*** Opening of DATA ***

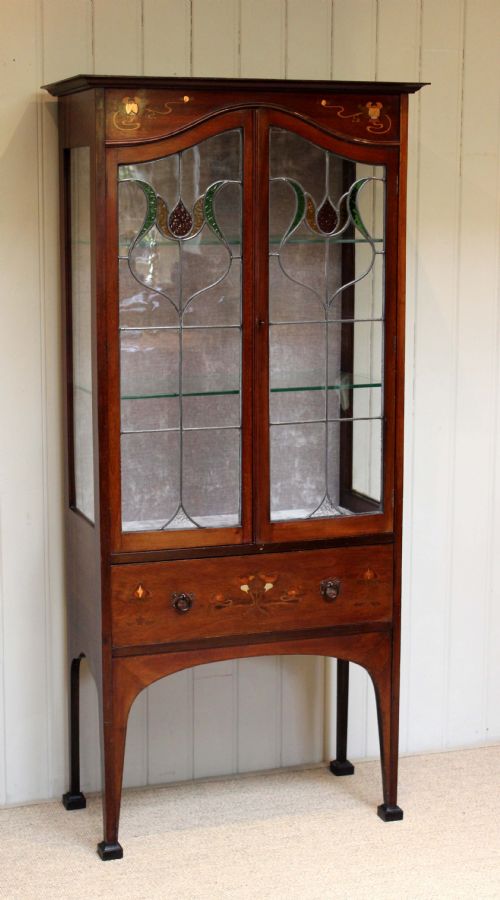 fig 1. Mahogany Arts And Crafts Display Cabinet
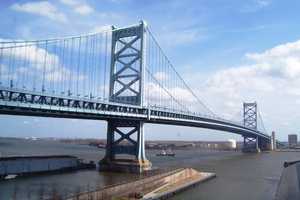 Crash Delays Traffic On Ben Franklin Bridge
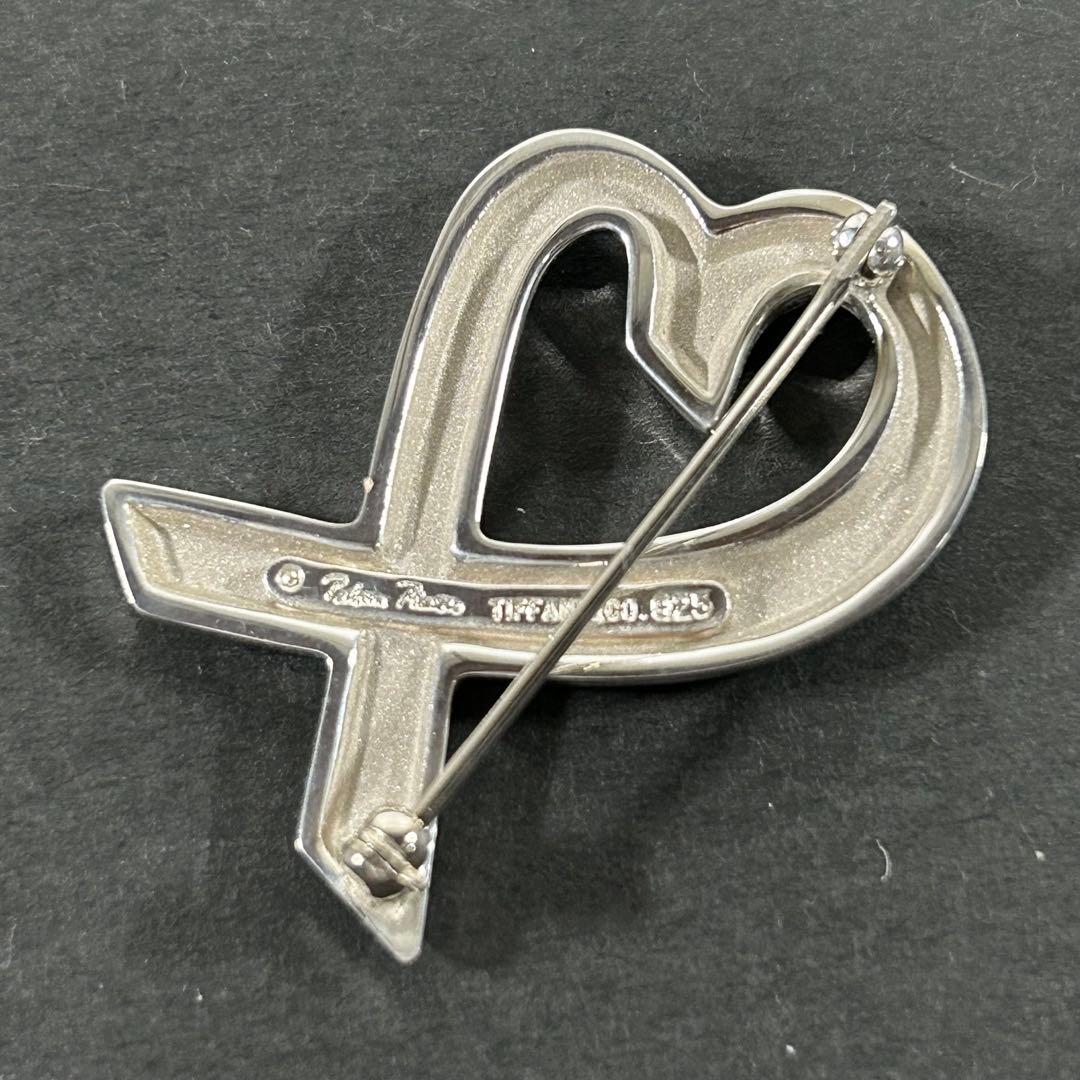 ティファニー ブローチ ラヴィングハート シルバー925 ハート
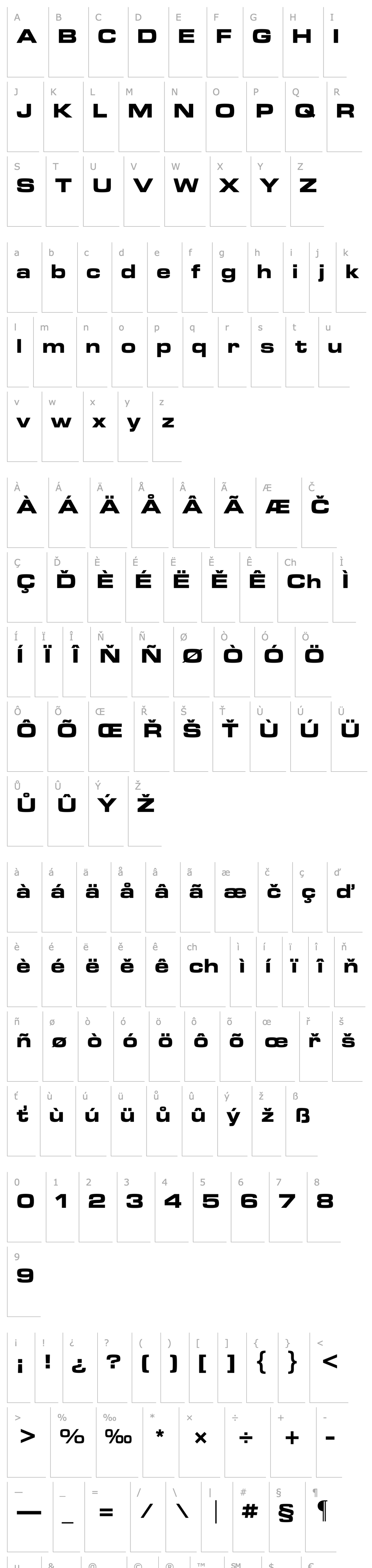 Overview Metrostyle Extended Bold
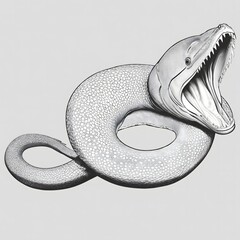 Moray eel illustration Ai Generative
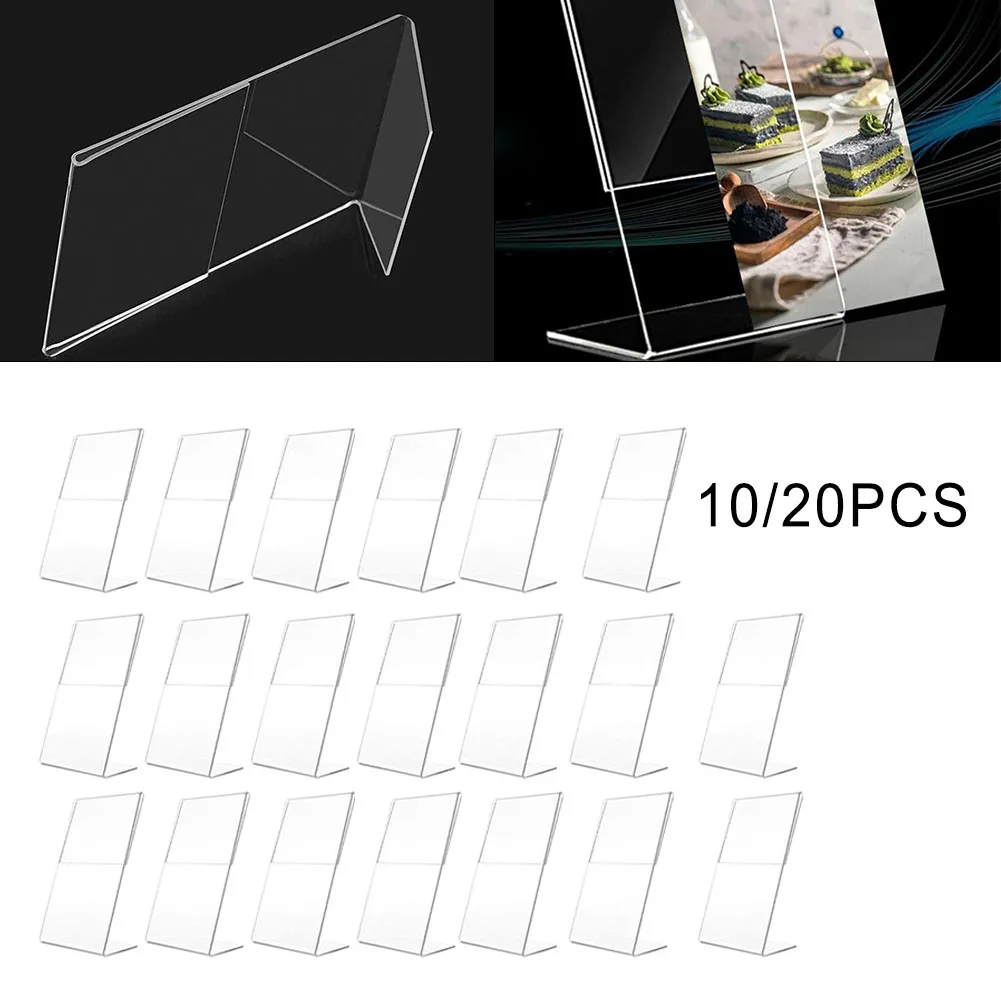 10/20PCS A6 Transparent Acrylic Picture Frame Display Stand Desk Display Card Stand Price Tag Clip Sign Card Holder Stands
10/20PCS A6 Transparent Acrylic Picture Frame Display Stand Desk Display Card Stand Price Tag Clip Sign Card Holder Stands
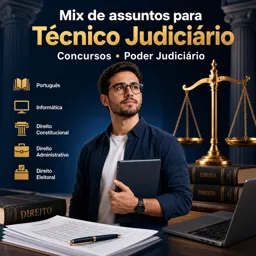 Imagem do Curso gratuito Mix de assuntos para Técnico Judiciário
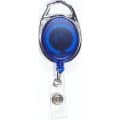 Oval shape retractable badge holder with carabiner clip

*** Close of DATA ***

Only the lines from the start of the records above through the line containing "Moray eel illustration Ai Generative" should be returned, exactly and with both ends, please; the pictures stay out.

__RESPONSE TO THIS TASK__
 fig 1. Mahogany Arts And Crafts Display Cabinet
 Crash Delays Traffic On Ben Franklin Bridge
 ティファニー ブローチ ラヴィングハート シルバー925 ハート
 Overview Metrostyle Extended Bold
 Moray eel illustration Ai Generative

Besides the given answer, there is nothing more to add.